Although all the parameters for RAW FORCE-- phenomenality, mythicity, mythos-type and function-- are exactly the same as for the previous review BEASTMASTER 3, the 1982 cheeseball flick is far more entertaining in terms of its kinetic appeal. While BEASTMASTER 3 plays it safe, FORCE matches its name by throwing kitchen sinks galore at the sensation-hungry viewer.

The "metaphysical" content is even the same as the one in the other flick, for in FORCE there's a whole cult of vaguely Asian sorcerers who sacrifice people to gain immortality. But the immortality belongs to a bunch of long-dead martial artists, buried on some Caribbean island and deemed to have disgraced themselves in the eyes of decent martial artists, whoever they might be. The cultists pay a Hitler-lookalike go-between, name of Speer, to transport lots of nubile naked girls to the cultist's island, and whenever the girls are sacrificed-- which always happens offscreen-- the dead martial artists come to life as zombies. I'm not sure what the cultists get out of this, but being able to summon zombies to fight good martial artists comes in handy.

The good martial artists are a bunch of American amateur competitors, most of whom belong to the hilariously named "Burbank Martial Arts Club." They take a Caribbean tour on a ship commanded by boozy Captain Dodds (Cameron Mitchell), and on their way the tourists learn the legend of the forbidden island. One might expect the foolish Americans to trespass on the island and get in trouble, but instead the ex-Nazi Speer sends some of his henchmen to abduct the tourists for future sacrifice. 

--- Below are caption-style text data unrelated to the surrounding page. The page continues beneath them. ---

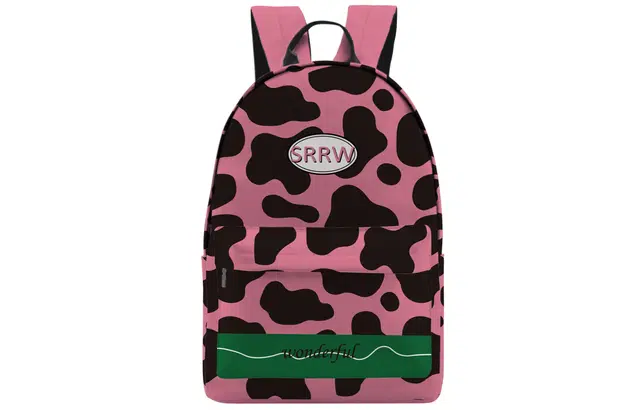 SRRW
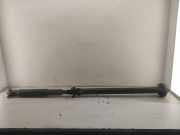Gelenkwelle ABS 8605311 BMW 3 serie (F30) Limousine 318d 2.0 16V (B47-D20A) 2018-03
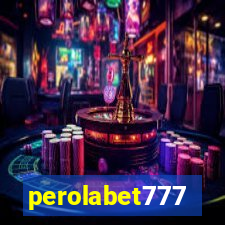 perolabet777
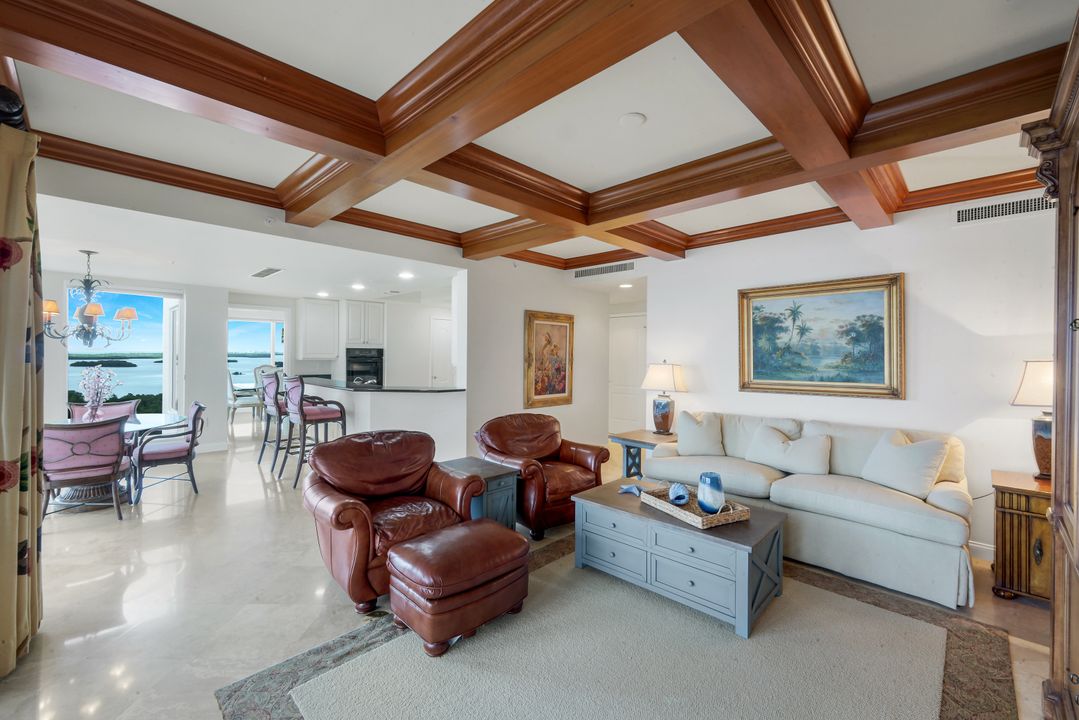 4801 Bonita Bay Blvd #1203, Bonita Springs, FL 34134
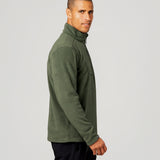 Spruce Green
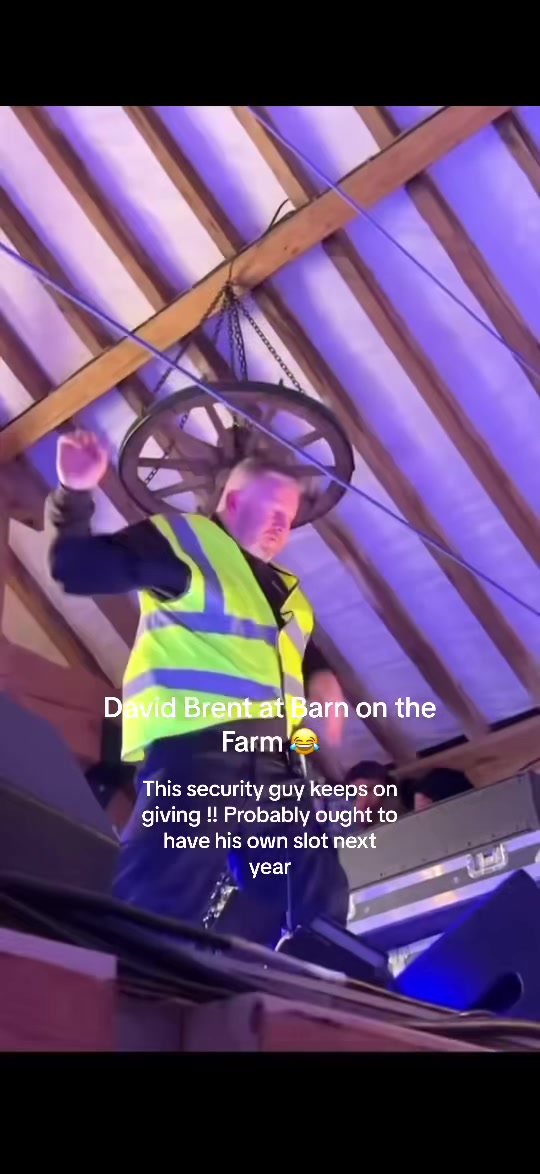 @barnonthefarm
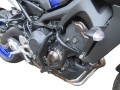 Yamaha_MT-09_lower_1.jpg
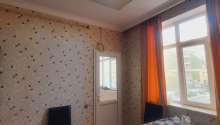 2 otaqlı Yeni tikili, Satış, Abşeron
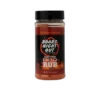 Boars-Night-Out-BBQ-Rub-BBQ-Assad.webp Boars Night Out BBQ Rub maitseainesegu 298 g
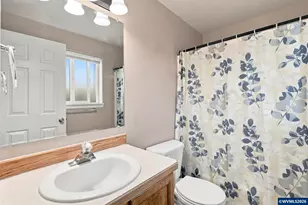 4928 Manning Dr NE, Salem, OR 97305 - Photo 26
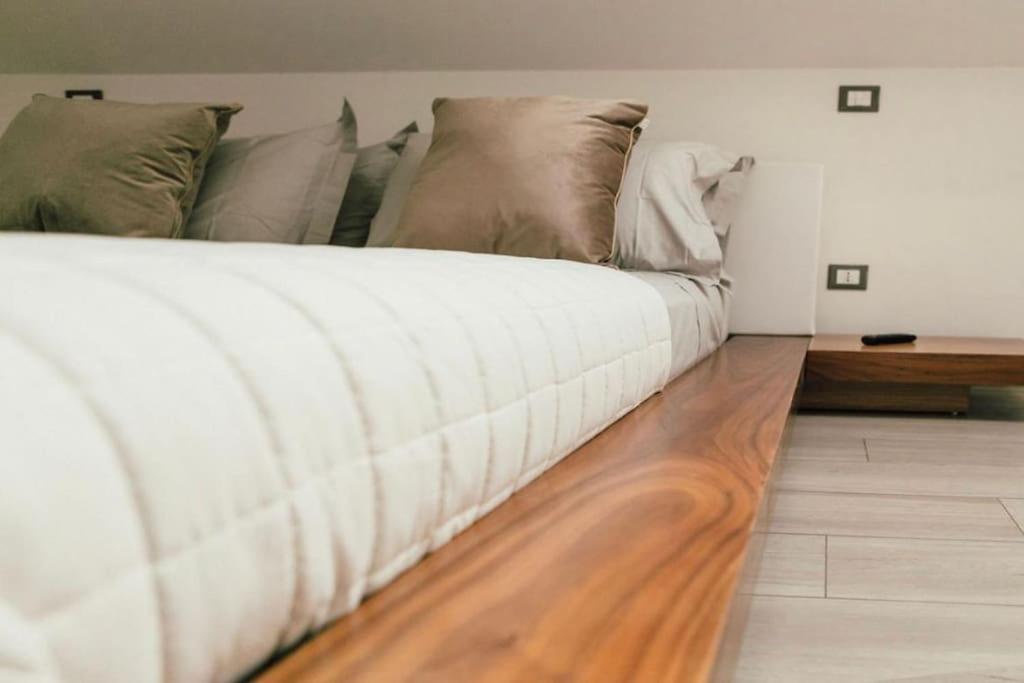 Casa Savo - Parcheggio Gratuito Nella Blu Area Διαμέρισμα Γένοβα Εξωτερικό φωτογραφία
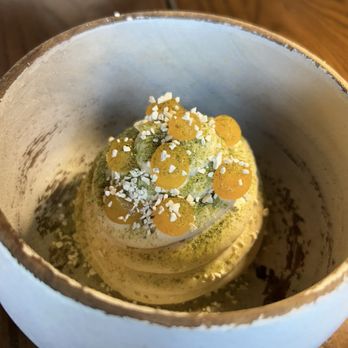 Causa Amazonia - Chazuta - Tapas/Small Plates Near Me - Washington, DC, District of Columbia Causa Amazonia - Chazuta - Tapas/Small Plates Near Me - Washington, DC, District of Columbia
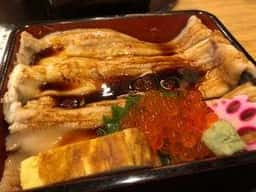 地魚料理 やすらぎ
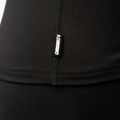 Damen Thermo-Longsleeve Surfanic Cozy Zip Neck black 7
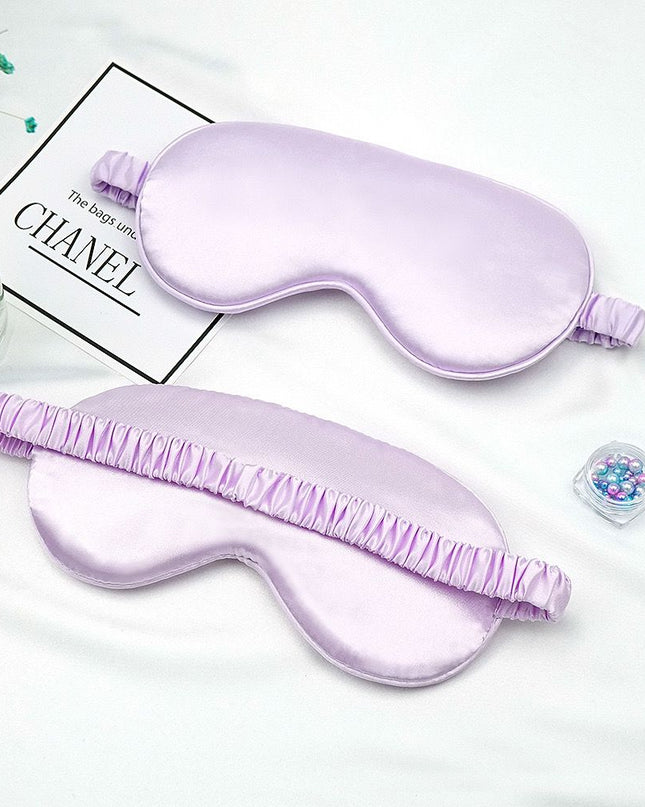 Royal Rest Eye Mask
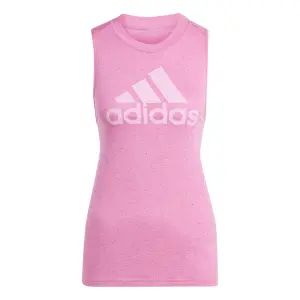 Camiseta de tirantes para mujer adidas Future Icons Winners 3.0 image-0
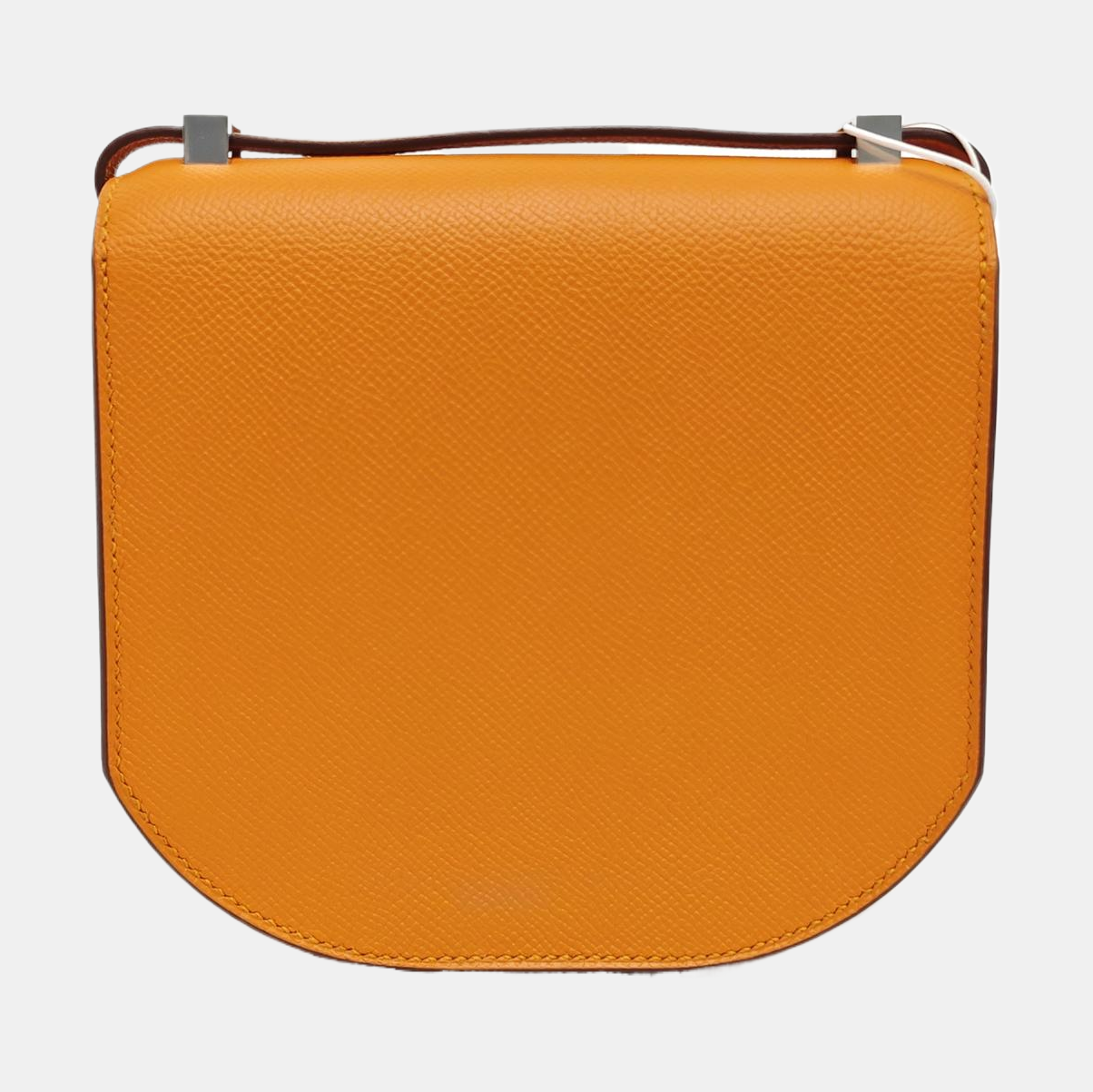 Mosaique Epsom Orange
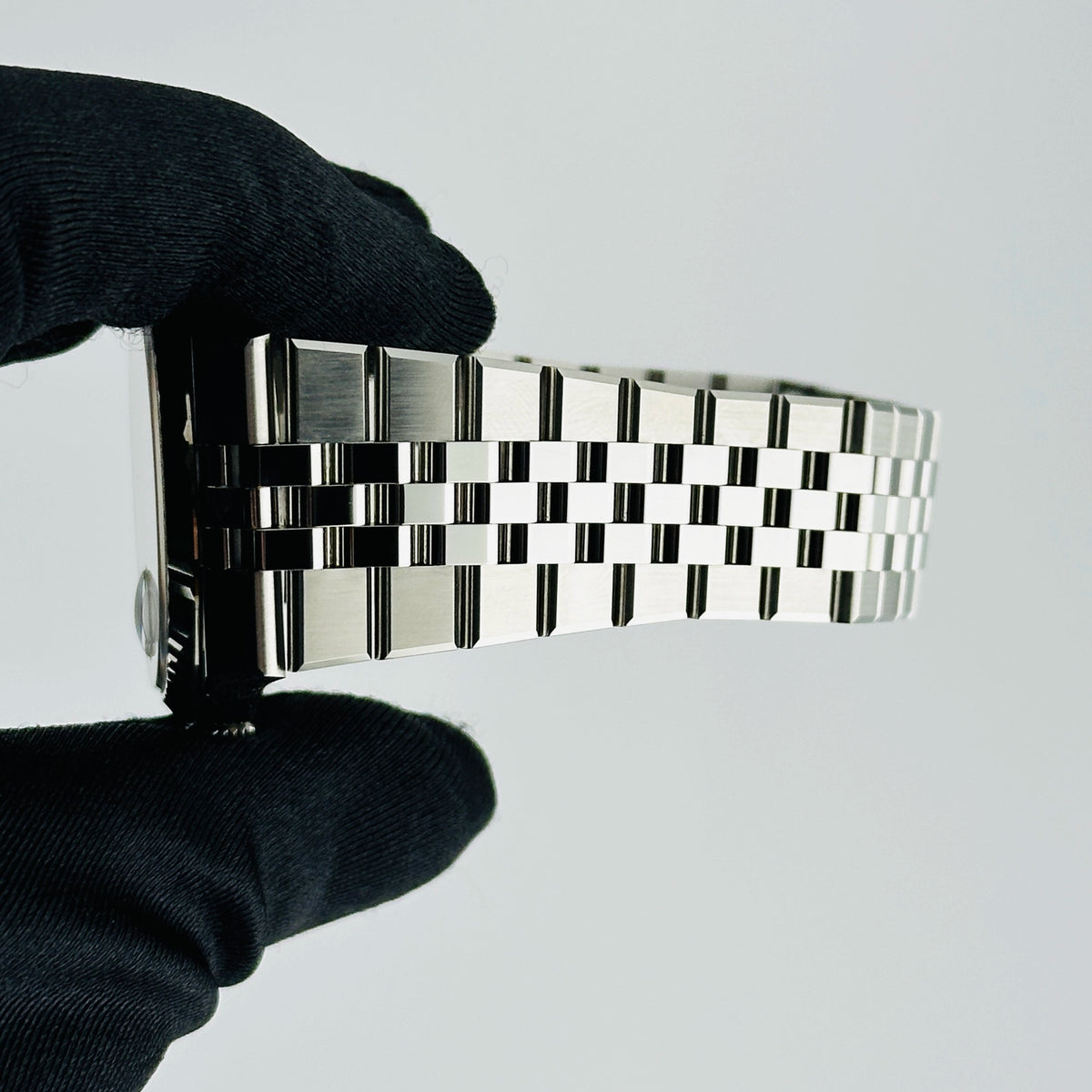 Rolex Sea-Dweller 127334 — view 5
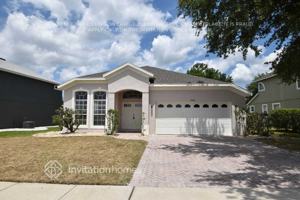 featured image of 33743 Terragona Dr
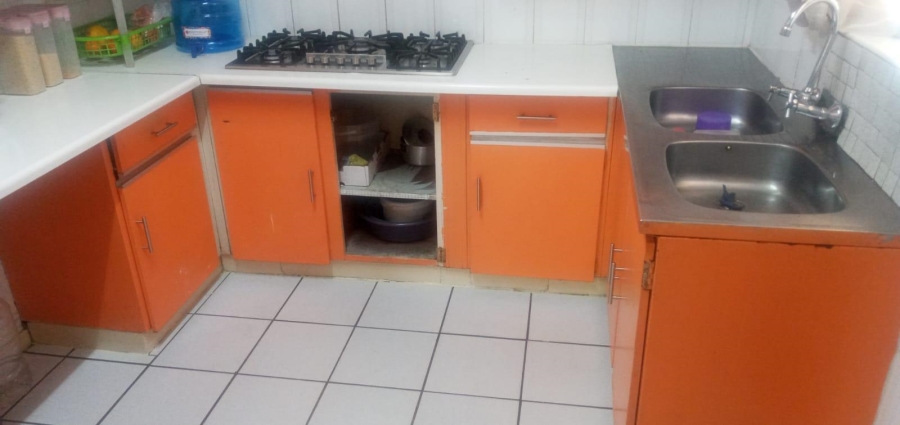 3 Bedroom Property for Sale in Dinwiddie Gauteng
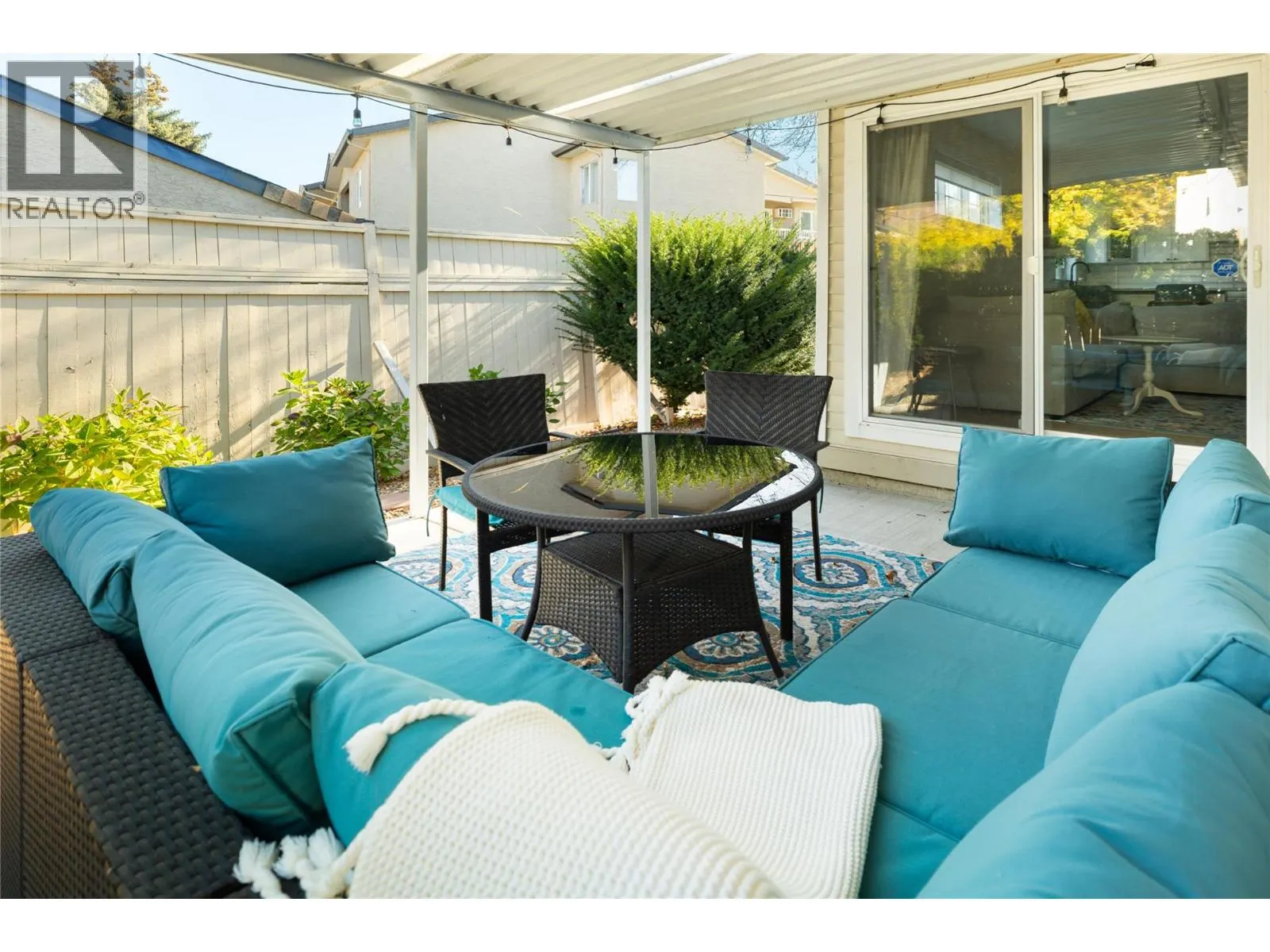 665 Cook Road Unit# 373
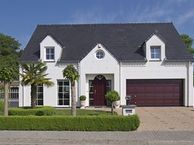 Cupidohof, 6215 SH Maastricht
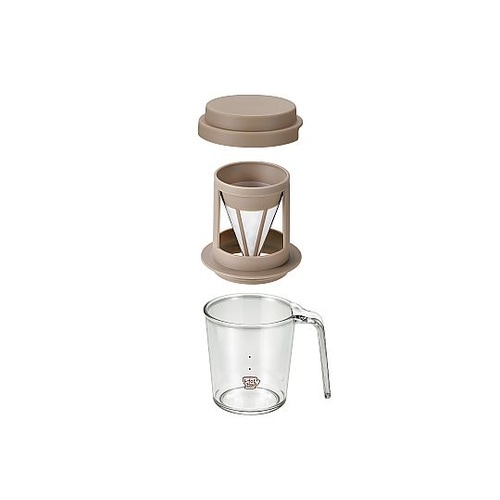 �ق��ƃX�^���h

Though the action isn't especially well choreographed, and the violence is rather muted for an eighties zombie film, writer-director Edward D. Murphy keeps up a steady stream of boobs and battles. In addition to the generally pleasing Mitchell, FORCE also boasts two other luminaries of junk-entertainment: karate-kicking Jillian Kesner, who in the year previous had made an excellent kung-fu revenge-flick, FIRECRACKER, and Vic Diaz, a perennial presence in low-budget Filipino-made trash-films. FORCE is not even a minor junk classic, but in terms of holding the attention of thrill-hungry viewers, it more than fulfills its modest goals.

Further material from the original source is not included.